Le président élu, en déplacement à Addis-Abeba pour discuter de la crise à laquelle il est confronté depuis trois mois, devra contourner l’interdiction de l’espace aérien ivoirien décrétée par son adversaire Laurent Gbagbo.
« Bon débarras », c’est ainsi qu’a réagi un proche conseiller du président ivoirien sortant Laurent Gbagbo, sitôt confirmé le départ d’Abidjan du président élu selon la commission électorale ivoirienne, Alassane Dramane Ouattara. Le camp Gbagbo, qui s’était manifesté ces derniers jours en criant au « piège » ou au « complot » que représentait selon lui l’invitation lancée à Laurent Gbagbo de se rendre à Addis-Abeba, exhortant par la même occasion le sortant à ne pas s’y rendre, n’a pas tardé à dévoiler ses intentions réelles : empêcher par tous les moyens Ouattara de rentrer à Abidjan pour reprendre ses quartiers dans l’hôtel qu’il occupe depuis son élection contestée par un Conseil constitutionnel suspecté de partialité.
Dans un communiqué lu aussitôt à la télévision publique mercredi, le gouvernement de M. Gbagbo faisait savoir que « Les aéronefs de l'Opération des Nations unies en Côte d'Ivoire (Onuci) et ceux de l'opération Licorne sont interdits de survol et d'atterrissage sur toute l'étendue du territoire de la République de Côte d'Ivoire ».
« Toute autre opération exceptionnelle de survol et d'atterrissage est soumise à autorisation préalable du ministre des Transports », précisait le texte qui justifiait cette mesure par la nécessité de « préserver l'intégralité et l'intégrité du territoire national ainsi que la sécurité des biens et des personnes ».
« Des scénarios ont déjà été élaborés par le camp Gbagbo, ses « jeunes Patriotes » et ses miliciens pour empêcher le président de rentrer, soutient un proche du gouvernement du Premier ministre Guillaume Soro, sous couvert d’anonymat. Les « forces républicaines » [nouvelle appellation de l’ancienne rébellion des Forces nouvelles, appuyées de soldats loyalistes qui auraient rallié Ouattara, ndlr], sont déterminées à garantir le retour du président de la république dans son pays. L’objectif ultime du camp Gbagbo serait d’entériner la partition de la Côte d’Ivoire, en obligeant ADO à vivre dans la moitié nord du pays sous notre contrôle et ainsi le faire passer pour le président du Nord. Mais ce stratagème ne passera pas, et nous mettons les Nations unies et l’Union africaine devant leurs responsabilités afin que le verdict des urnes soit respecté.

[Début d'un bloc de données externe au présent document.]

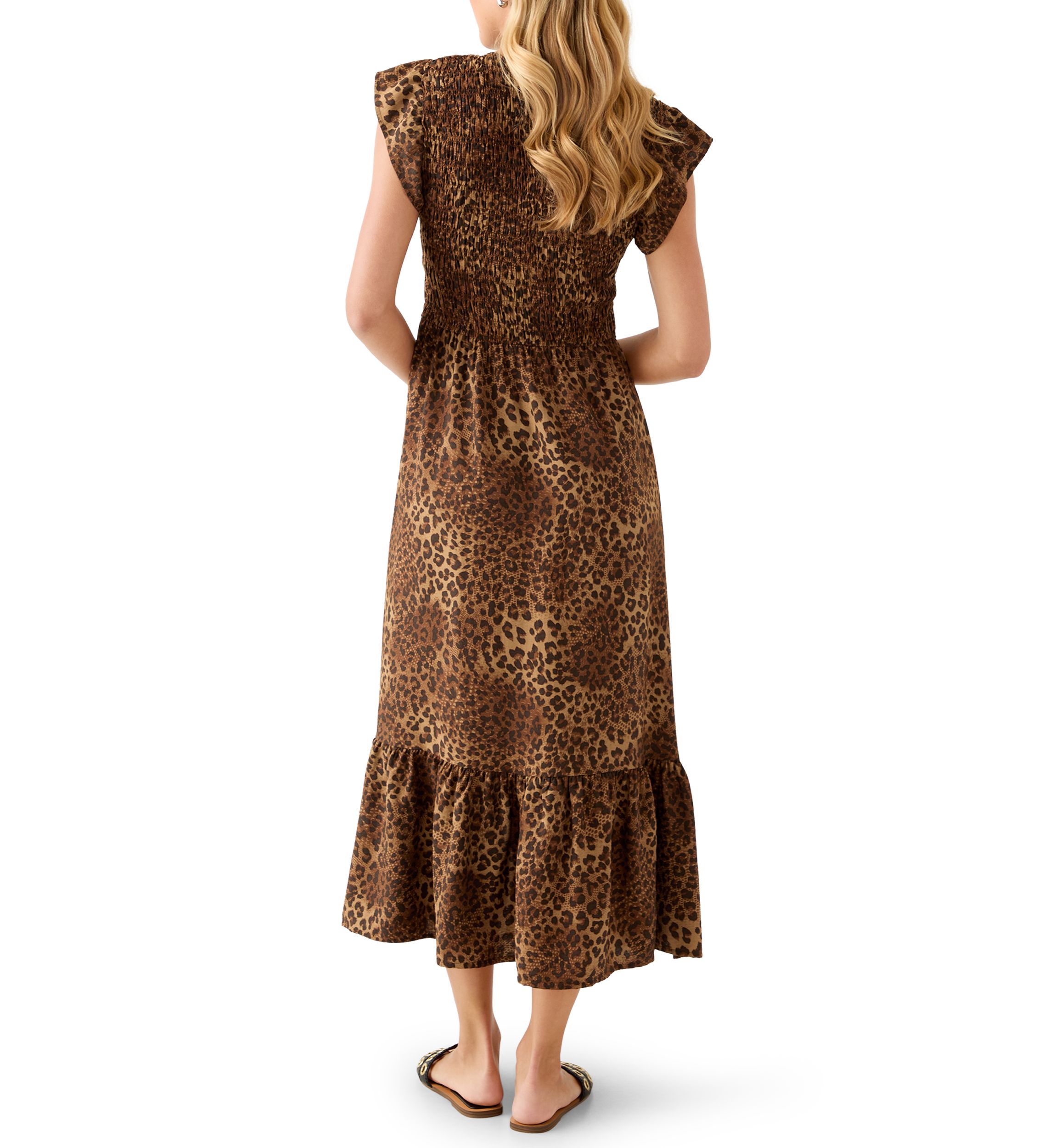 Womens Long Dress with Flutter Sleeves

Vrai ou faux ? A Addis-Abeba où se tient la réunion du panel des cinq chefs d’Etat devant annoncer aux deux parties des mesures contraignantes pour sortir de l’impasse née de la double proclamation de deux vainqueurs différents du scrutin du 28 novembre, ce sujet n’est pas évoqué officiellement. Avant même que le contenu de la décision du panel ne soit officiellement connu, le représentant de Gbagbo, le chef de son parti Pascal Affi N’Guessan, a fait savoir qu’il rejetait par avance toute décision de l’UA sur ce dossier. Bien avant le départ de Ouattara pour prendre part à la réunion d’Addis-Abeba, un autre membre influent du camp Gbagbo, le président du Conseil économique et social Laurent Dona Fologo avait fait savoir qu’on ne négocie pas les résultats d’une élection.
Face à cet échec manifeste de ce qui était présenté comme « la médiation de la dernière chance » pour parvenir à une issue négociée du conflit, l’Union africaine et les Nations unies jouent désormais leur crédibilité en Côte d’Ivoire, estime un diplomate de la commission d’experts africains ayant évalué la situation à Abidjan. « Si les décisions annoncées pour contraignantes ne sont pas respectées, et si en plus, l’ONU et l’UA ne parvenaient pas à garantir le retour de Ouattara à Abidjan, fait savoir un fonctionnaire de la mission onusienne à Abidjan, il faut craindre que cette perte d’autorité ne précipite le pays vers la guerre civile tant redoutée ».